Wie jeder weiss: Raum hat drei Dimensionen: Zwei für die Unendlichkeit der Fläche und eine dritte für die Höhe. Die beträgt innerhalb des heutigen Gemeinwesens glatte 70 Meter. Man stelle sich das einmal vor: 70 Meter Höhendifferenz klingen im Vergleich zur Unendlichkeit der Fläche wirklich mikrig. Allerdings weiss jeder Radfahrer ein Lied davon zu singen, positiv wie negativ. Ob das der profane Grund für die Burglosigkeit ist: Die Bocklosigkeit, zum Frischfisch-Holen ständig runter und dann wieder rauf zu müssen?
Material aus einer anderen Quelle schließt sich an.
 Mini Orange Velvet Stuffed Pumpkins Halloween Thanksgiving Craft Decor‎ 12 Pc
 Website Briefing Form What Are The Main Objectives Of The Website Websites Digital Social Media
Der Gipfel steht zwischen beiden Welten. Die Horden aus dem Sand wollten nicht runter in den Sumpf und die Jungs aus dem Süden waren noch nicht da. Aber das sollte sich ändern...
Die Elbe war schon ewig eine schwer überwindbare Grenze. Die Römer tourten Albis fluvius wohl ein Stück hinauf und fuhren wieder nach Hause – zu kalt, zu schrecklich. Um 800 nach Christus hatte die Nachfolge-Organisation unter Karl dem Großen die Idee, Ihre Nordgrenze an der Elbe längerfristig gegen die ungehobelten Nordmänner zu sichern. Dafür kaufte Kalle einen Stamm ein, der aus seiner Heimat neugierig weit nach Westen vorgedrungen war, um dort mal nachzuschauen, ob sich etwas brauchbares finden würde: die Abodriten. Er zahlte dafür, dass die Jungs sich mit den jütländischen Barbaren anlegten. Aber offenbar nicht genug, denn schon bald hatte er das Gefühl, ein eigenes Team an die Nordgrenze schicken zu müssen. Kalle hatte offenbar Angst vor den Rabauken im Norden. Aber es darf die Frage erlaubt sein: Hatten die überhaupt ein Interesse am Süden?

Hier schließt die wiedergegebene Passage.